I would like to clean up each header (line starting with ">") to retain only the informative part, which is the second "_Locus*" with or without the allele part.

I thought awk would be the easy way to do this, but I cant quite get it to work.

If I wanted to retain just the first column of text up to the "_" delimiter for the header, and the sequences below, I run this (assuming this toy example is in the file test.fasta):

 cat test.fasta | awk -F '_' '{print $1}'

>HWGG454
ATTCTACTACTACTCT
>GHW757
CTTCCCTACGATG
>TY45
TTCTACTTCATCT

But, what I want is to retain just the "Locus*" text, which is after the 3rd delimiter, but, using this code I get this:

cat test.fasta | awk -F '_' '{print $3}'
Locus3443

Locus555662

Locus800

What am I doing wrong here?

thanks.


Solution

  • I understand this to mean that you want to pick the Locus field from the header lines and leave the others unchanged. Then:

    awk -F _ '/^>/ { print $3; next } 1' filename
    

    is perhaps the easiest way. This works as follows:

    /^>/ {      # in lines that begin with >
      print $3  # print the third field
      next      # and go to the next line.
    }
    1           # print other lines unchanged. Here 1 means true, and the
                # default action (unchanged printing) is performed.
    

    The thing to understand here is awk's control flow: awk code consists of conditions with associated actions, and the actions are performed if the condition evaluates to true.

    /^>/ is a regex match over the whole record (line by default); it is true if the line begins with > (because ^ matches the beginning), so

    /^>/ { print $3; next }
    

    will make awk execute print $3; next in lines that begin with >. The less straightforward part is

    1
    

    which prints lines unchanged. We only get here if the first action was not executed (because of the next in it), and this 1 is to be read as a condition that is always true -- nonzero values being true in awk.

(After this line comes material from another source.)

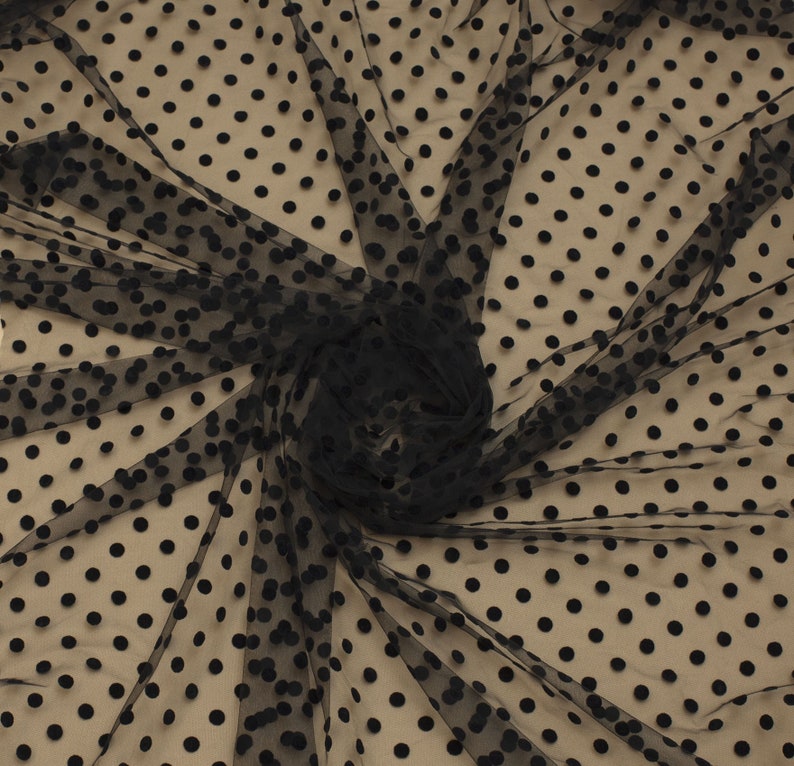 May include: Black sheer fabric with black polka dots. The fabric is textured and has a soft, delicate feel.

    Now, if either the condition or the action in an awk statement are omitted, a default is used. The default action is printing the line unchanged, and this takes advantage of it. It would be equally possible to write

    1 { print }
    

    or

    { print }
    

    In the latter case, the condition is omitted and the default condition "true" is used. 1 is the shortest variant of this and idiomatic because of it.